WORK ITEM: Only the lines from the first line of the entries through the line with "Recipiente di compensazione" belong in the answer, each restated word for word and without pictures.

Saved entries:
_ _ _ _ _

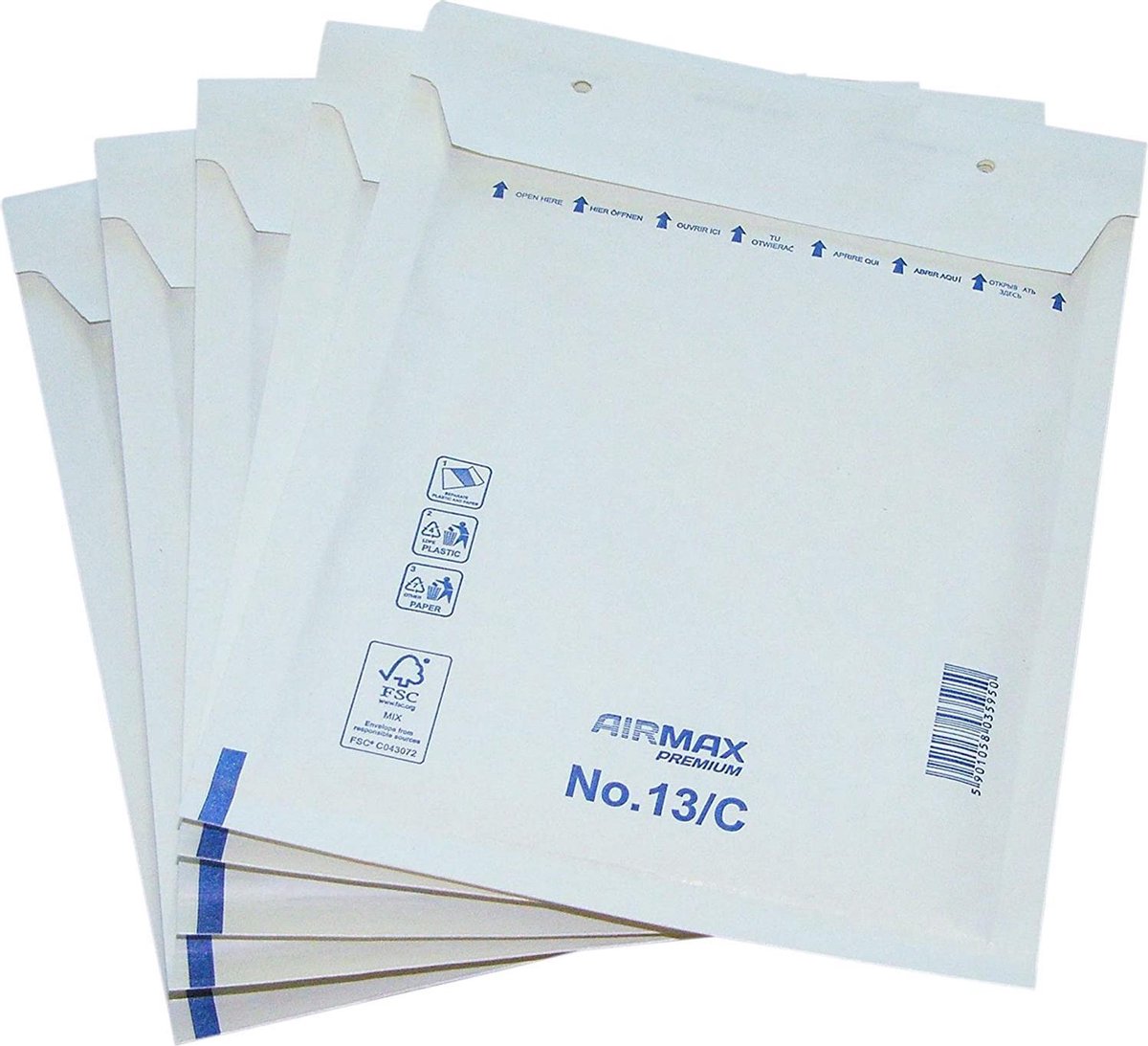 10 stuks - Luchtkussen Enveloppen C - (Bubbeltjes envelop C/13) 150 x 215 mm - A5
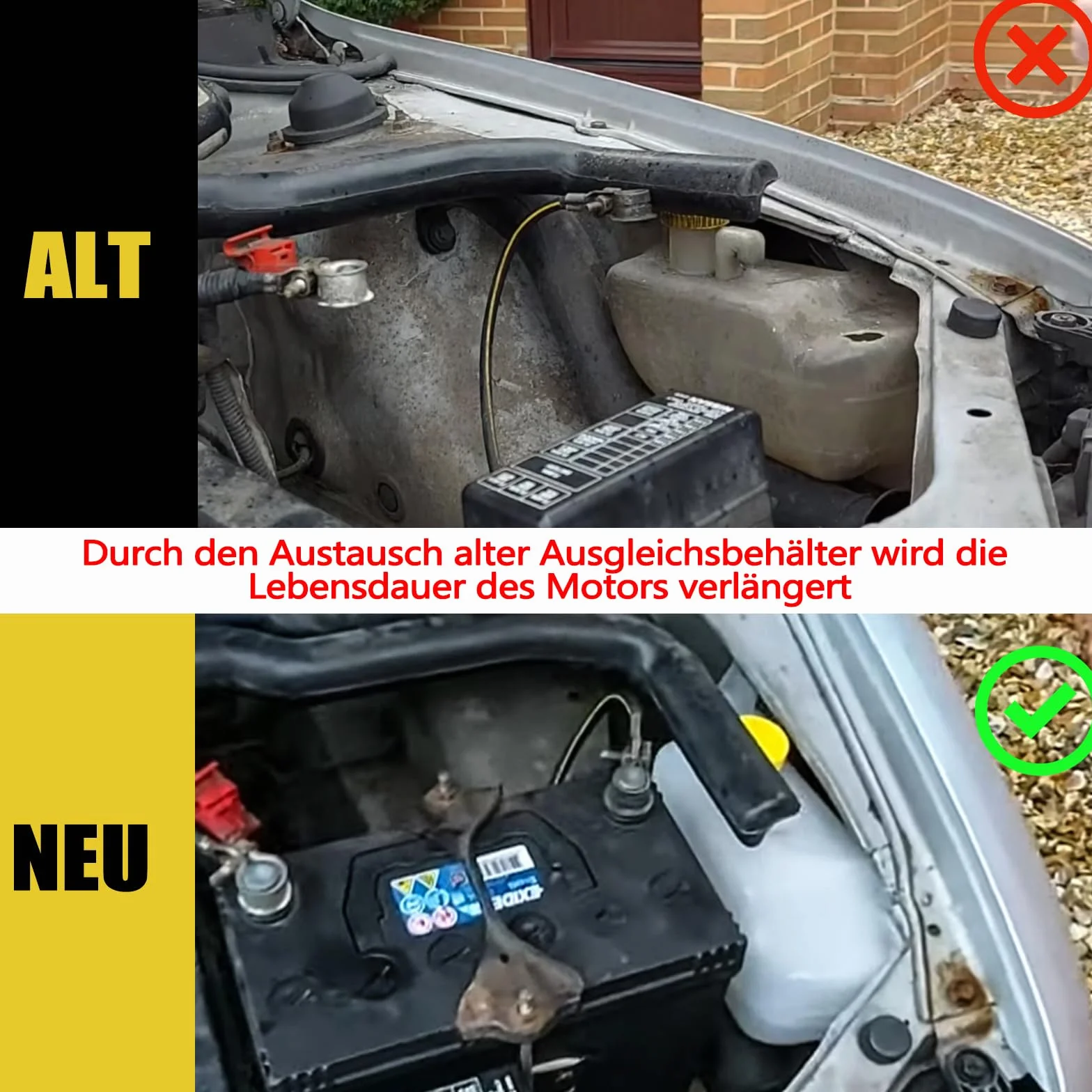 Recipiente di compensazione refrigerante 2171043B01 per Nissan Micra K11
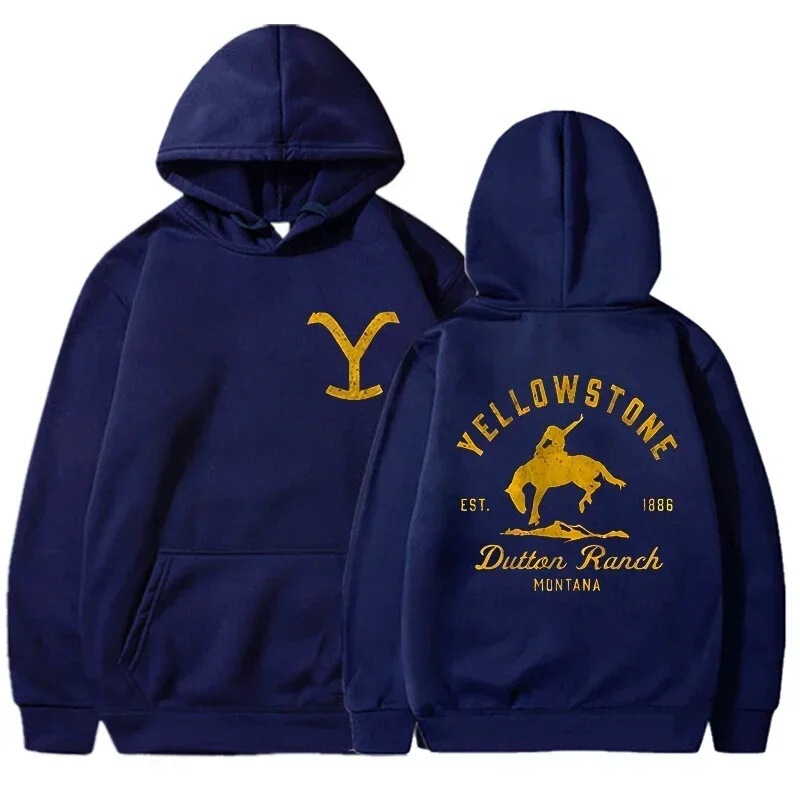 Cross-Border Source Factory Classic Fashion Yellowstone Dutton Ranch Printed Sweatshirt for Men and Women, Autumn Casual Sports Hoodie Cross-Border Source Factory Classic Fashion Yellowstone Dutton Ranch Printed Sweatshirt for Men and Women, Autumn Casual Sports Hoodie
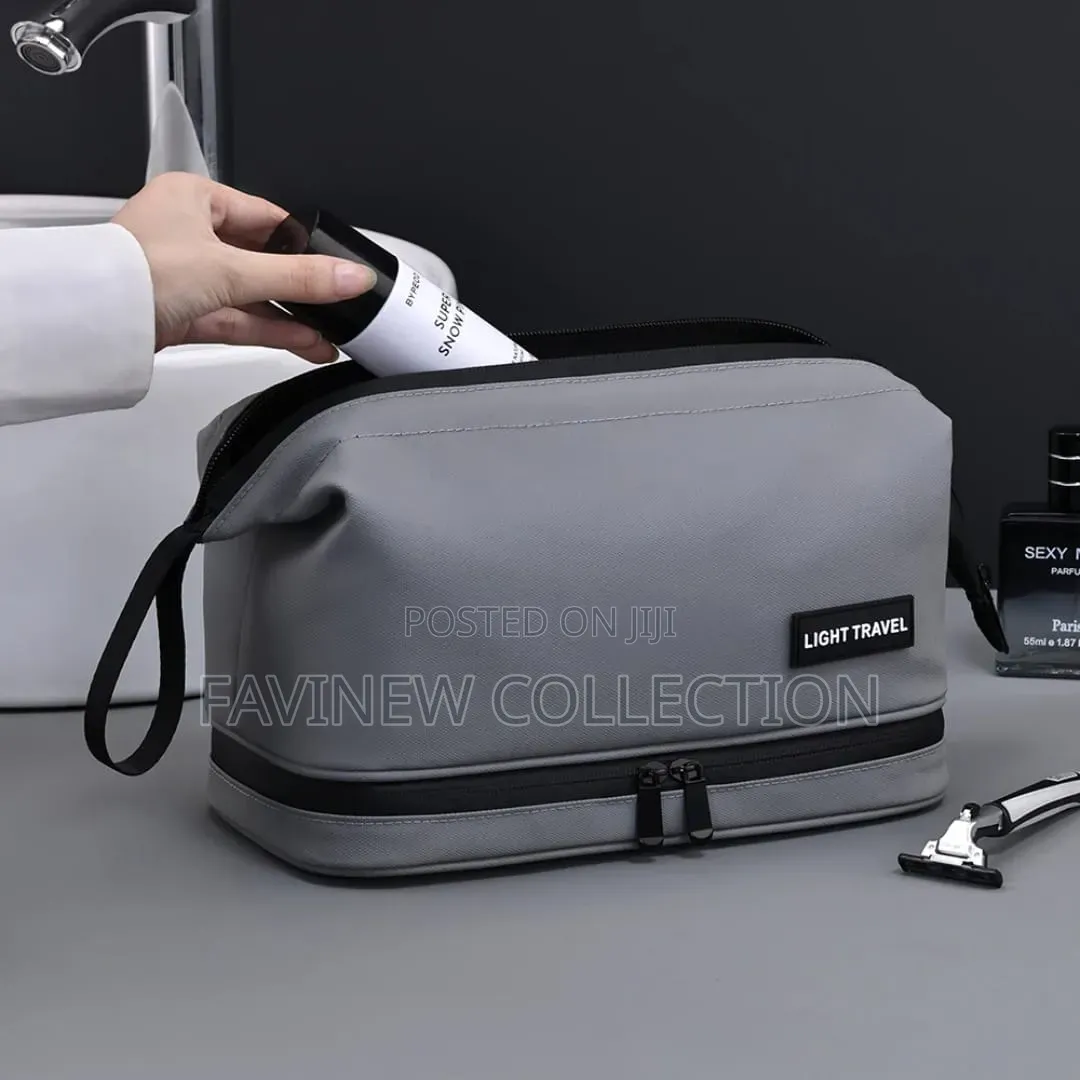 Double Layer Portable Travel Cosmetic Bag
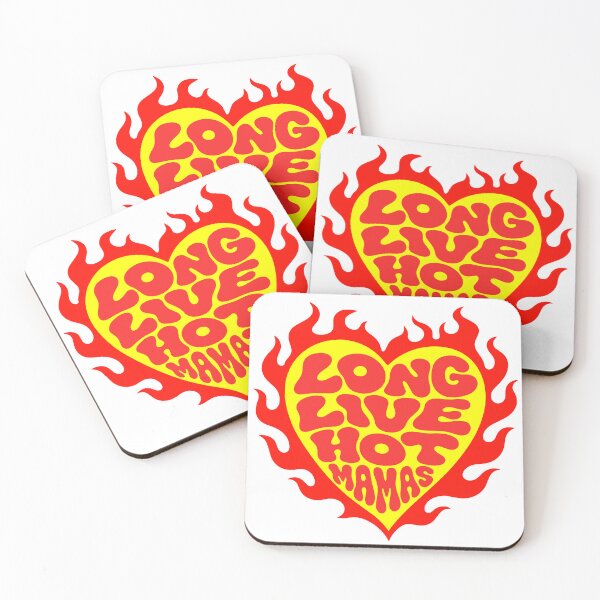 Item preview, Long Live Hot Mamas Flaming Heart in Red and Yellow Mother's Day Design designed and sold by yellowpumkin.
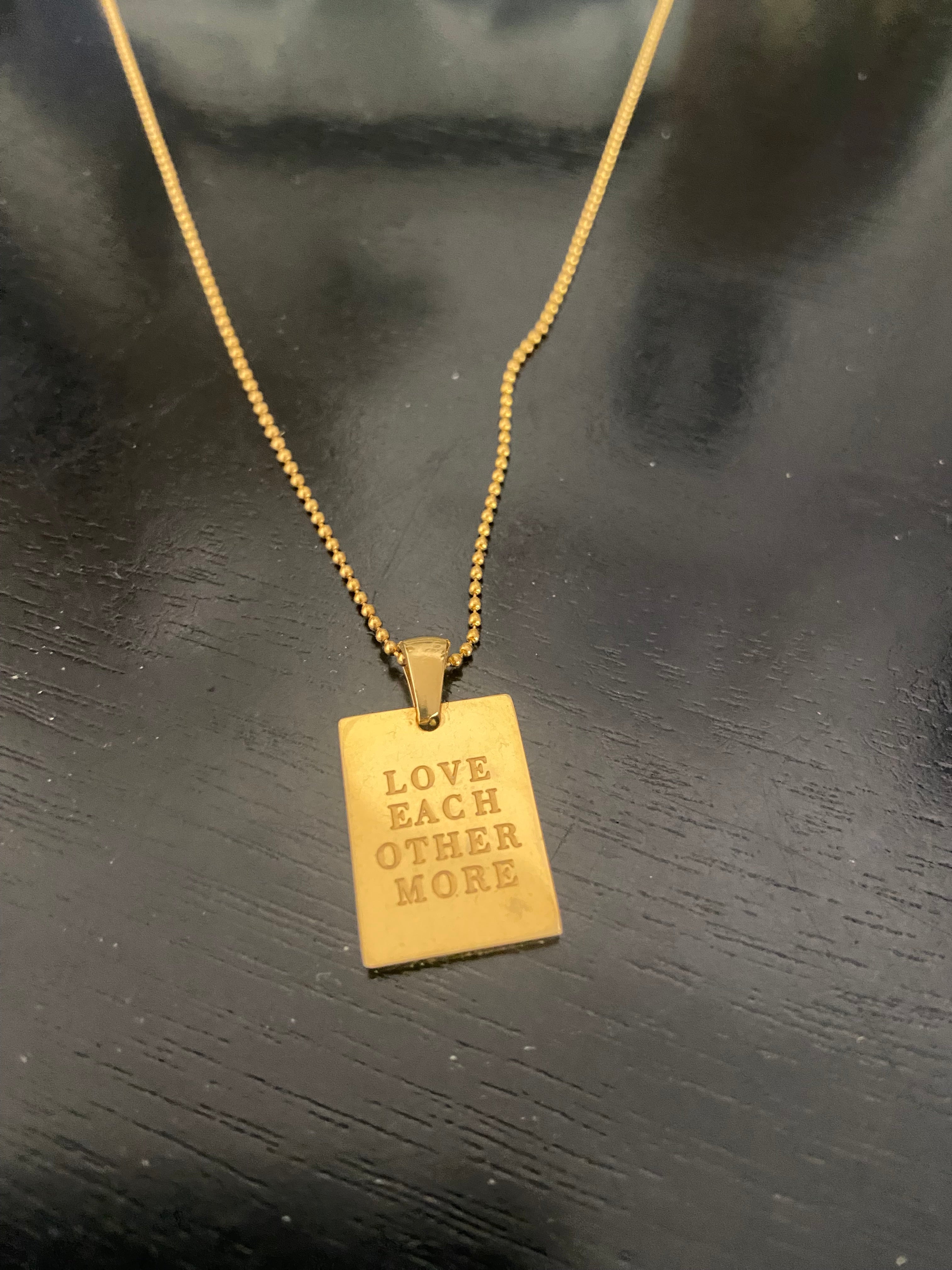 "Love Each Other More" Necklace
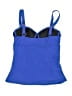 Athena Solid Blue Swimsuit Top Size 6 - photo 2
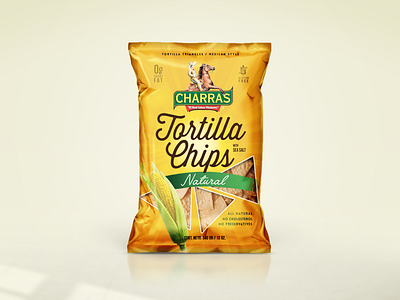 Charras - Tortilla Chips Packaging chips corn mexican mexican food package packaging tortilla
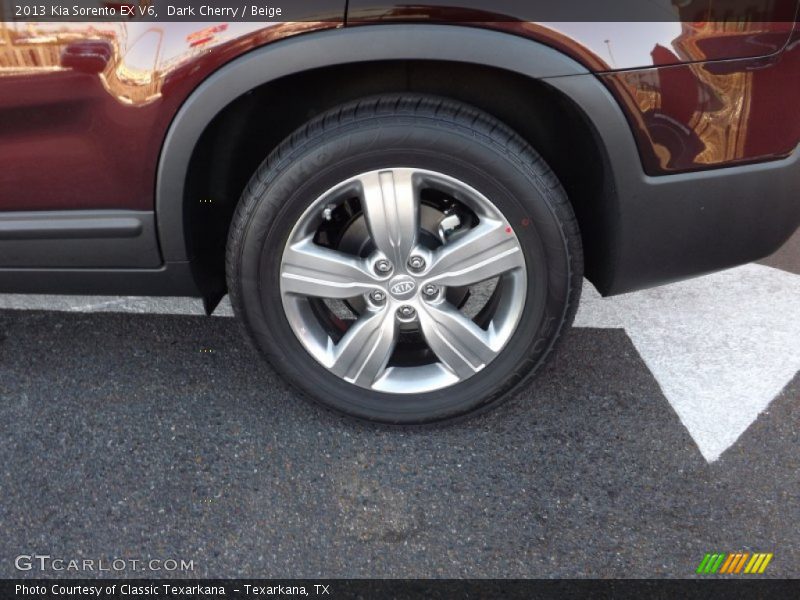 Dark Cherry / Beige 2013 Kia Sorento EX V6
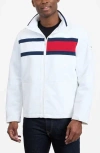 Tommy Hilfiger Flag Softshell Zip Jacket In White
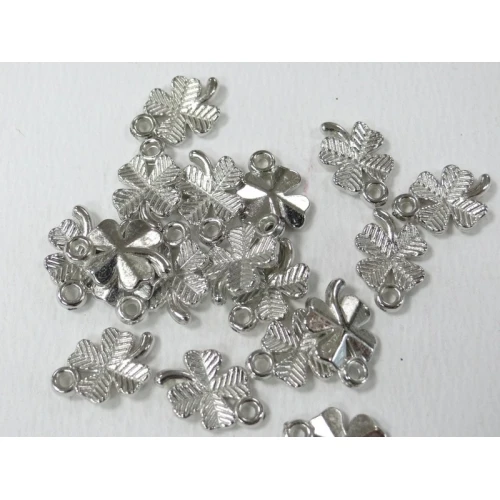 Висулки метализирани детелинки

_ _ _ _ _

TASK RESULT:
 10 stuks - Luchtkussen Enveloppen C - (Bubbeltjes envelop C/13) 150 x 215 mm - A5
 Recipiente di compensazione refrigerante 2171043B01 per Nissan Micra K11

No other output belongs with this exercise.